После выборов белые американцы в обеих партиях превозносили прогресс, достигнутый страной в прошлом поколении, с облегчением отметив, что расизм ушел в прошлое. «Ради всего святого, у нас есть черный президент», – говорили они, например. Однако факты таковы, что большинство представителей доминирующей касты так и не смогли принять такое развитие событий. Большинство белых избирателей не поддержали его ни в одном из его президентских предложений. У него была звездная власть и умение обращаться с детьми и пенсионерами, но каким бы утонченным и вдохновляющим, красноречивым и примирительным он ни был, победа Обамы произошла не потому, что большинство избирателей из доминирующей касты отбросили вдруг свои предубеждения и поголовно прониклось к нему любовью. Как и другие недавние демократы, баллотирующиеся в президенты, он победил вопреки воле большей части белого электората.
Даже провозгласив новый пострасовый мир, большинство белых американцев воздержались от голосования за первого чернокожего президента страны. По оценкам, 43 процента проголосовали за него в 2008 году. Таким образом, солидное большинство белых американцев – почти трое из каждых пяти белых избирателей – не поддержали его на его первых выборах, еще меньше – всего 39 процентов – проголосовали за него в 2012 году
[393]. В некогда конфедеративном штате Миссисипи только каждый десятый белый избиратель нажал на рычаг в пользу Обамы. Большую часть своего президентства он пытался расположить к себе людей, которые не хотели видеть его в Овальном кабинете, и некоторых, кто возмущался самим его существованием.

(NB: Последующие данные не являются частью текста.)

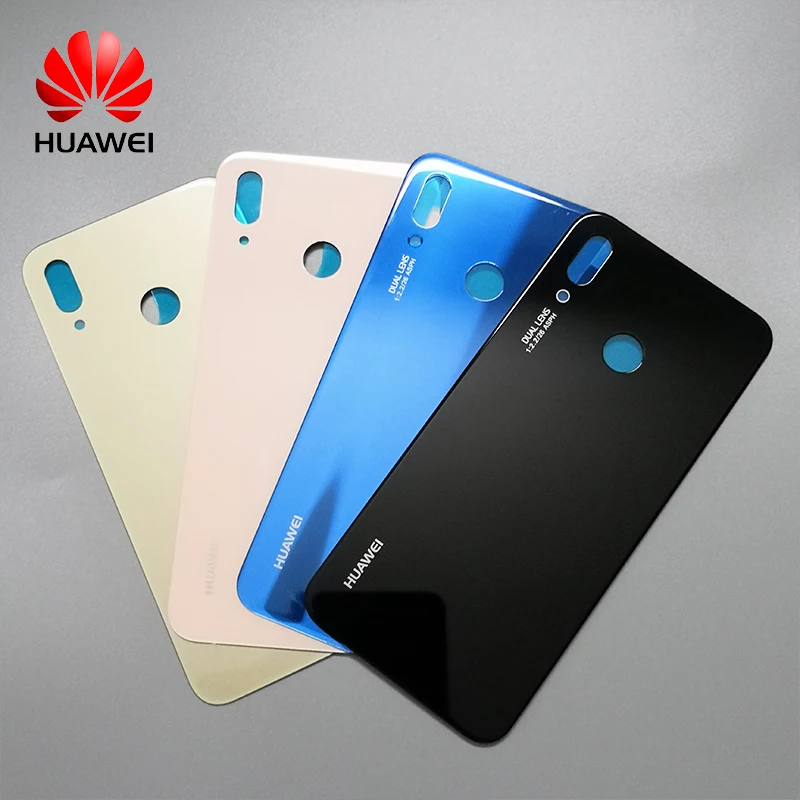Huawei P20 Lite / Nove 3e оригинальная задняя крышка для аккумулятора 3D стекло с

Тень Гражданской войны, как мерило неизменной роли кастовых интересов в американской политике, казалось, нависла над выборами 2008 года. Оказалось, что Обама победил во всех тех штатах, что выбрали Авраама Линкольна в 1860 году, на выборах с почти полностью белым электоратом, но которые стали выражением эгалитарных настроений касательно будущего Республики и рабовладения. «Таким образом, культурные различия Гражданской войны по расовому признаку, – писал политолог Патрик Фишер из Университета Сетон-Холла, – все еще можно считать влияющими на американскую политическую культуру полтора столетия спустя»
[394].
Линдон Б. Джонсон, подписав Закон о гражданских правах 1964 года, как говорят, предсказал, что демократы потеряют Юг на целое поколение за то, что отстаивали гражданские права афроамериканцев. Это пророчество оказалось верным по сути, но в реальной жизни все вышло гораздо масштабнее. Демократы потеряют больше, чем просто Юг, и гораздо дольше, чем на одно поколение. С этого момента взгляды белых американцев тем дальше смещались в сторону правых республиканских, чем более эгалитарную политику проводило государство.

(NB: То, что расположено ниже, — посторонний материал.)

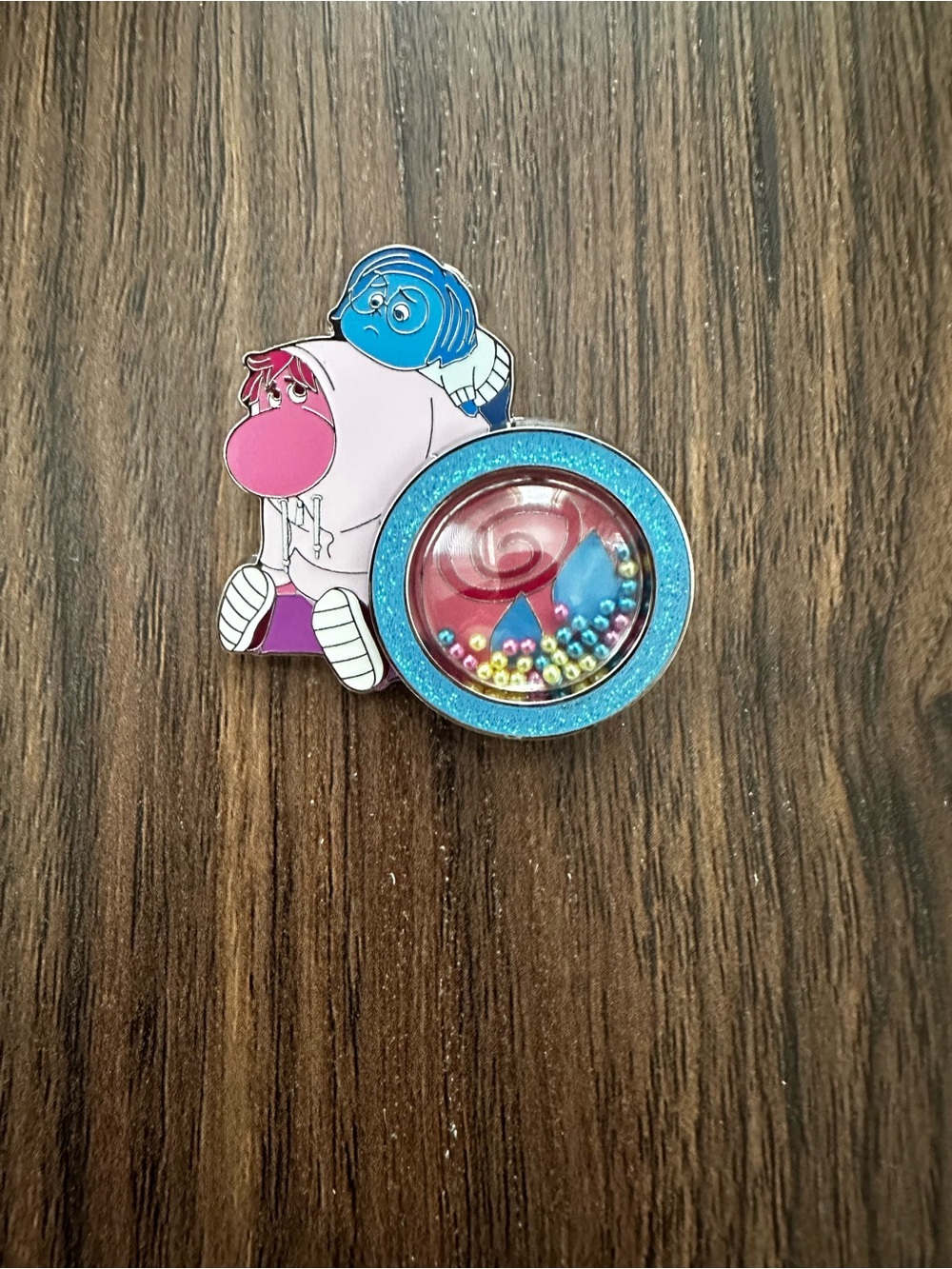 Inside Out Pin
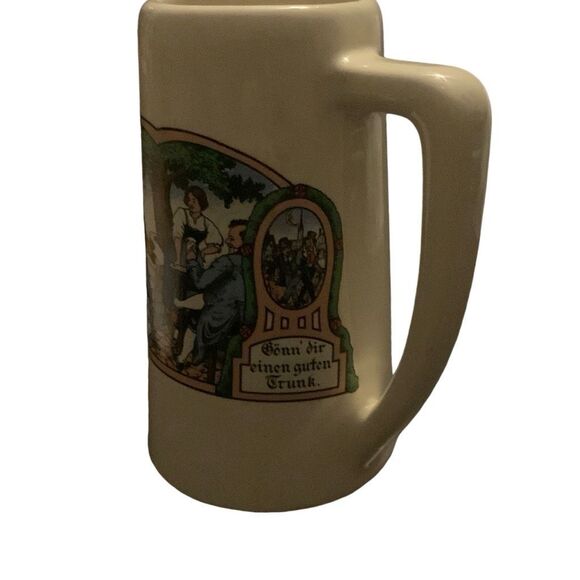 Vintage German Beer Mug A Timeless Treasure for Every Occasion Unique Style - Picture 8 of 14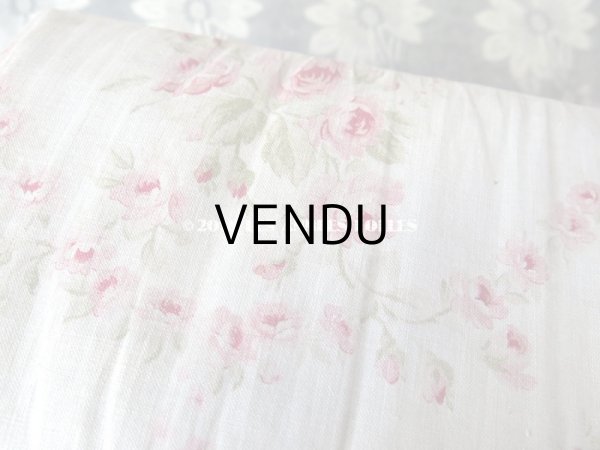 画像8: 1900年代 アンティーク 薔薇のガーランド  カルトナージュボックス (8)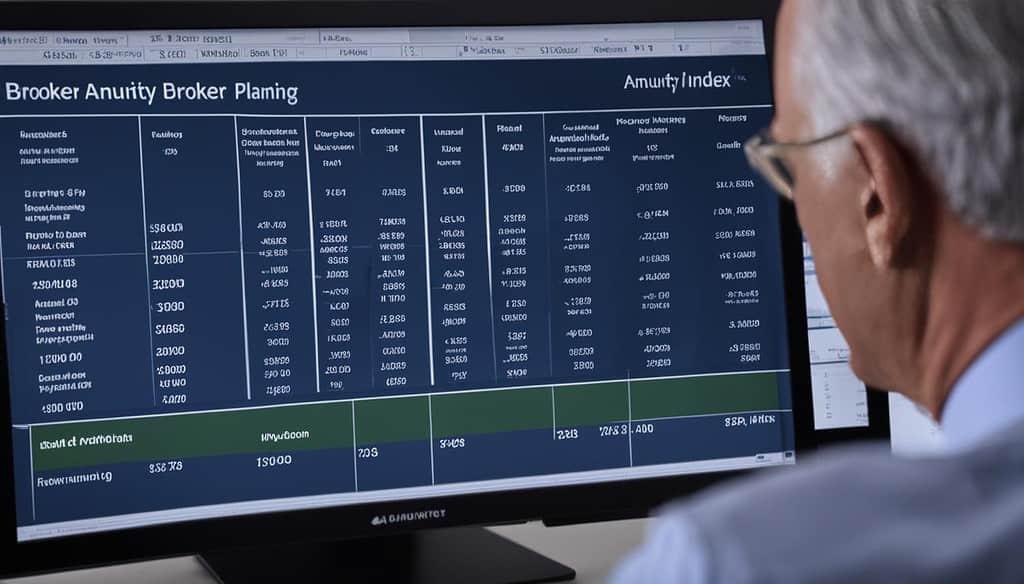 fixed index annuity broker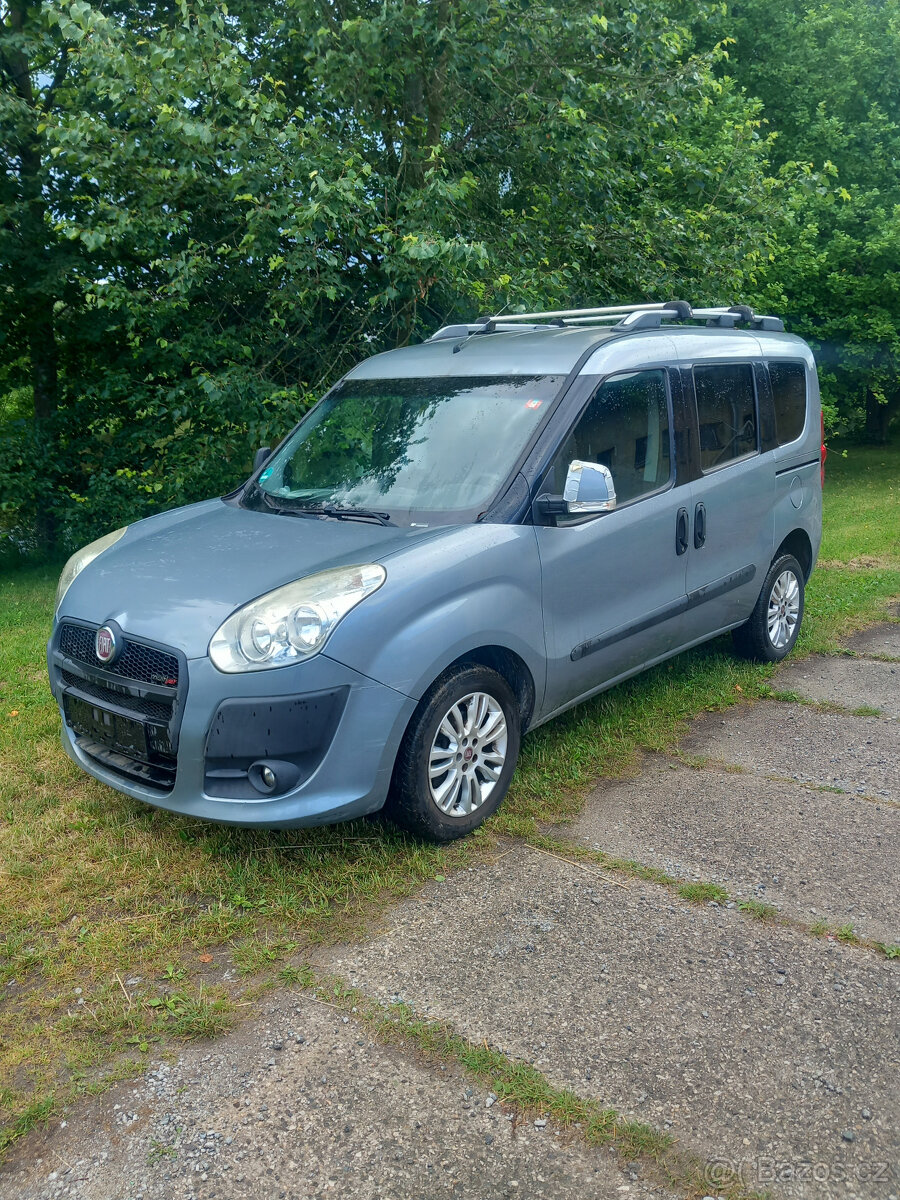 Prodám Fiat Doblo 1.6jtd 77kw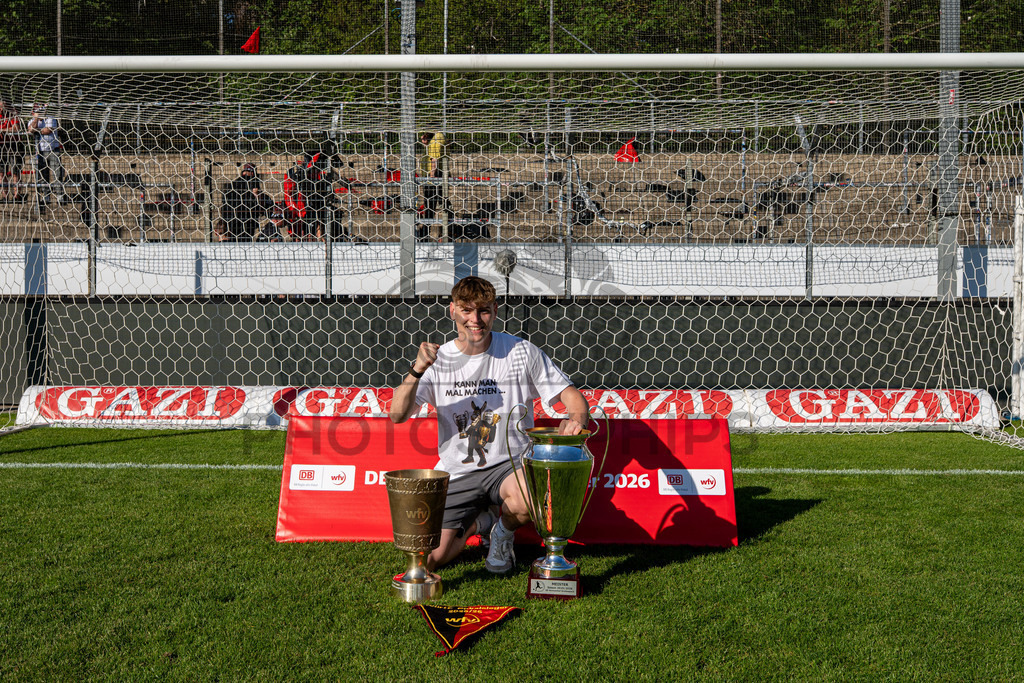 Stuttgarter Kickers vs. SG Sonnenhof Großaspach, Fussball, WFV-Pokal, Finale, 23.05.2026 | #,Stuttgarter Kickers vs. SG Sonnenhof Großaspach, Fussball, WFV-Pokal, Finale, 23.05.2026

За более чем полвека, прошедшего с того пророчества 1964 года, ни один демократ, баллотирующийся в президенты, никогда не получал большинства голосов белых. Линдон Джонсон был последним демократом, победившим на президентских выборах с большинством белого электората
[395]. С тех пор демократом, привлекшим наибольший процент белых избирателей – 48 процентов, – был южанин Джимми Картер в 1976 году. Только три демократа прошли в Овальный кабинет со времен Джонсона и эпохи гражданских прав – Картер, Обама и Билл Клинтон, который победил с 39 процентами голосов белых в 1992 году и 44 процентами в 1996 году.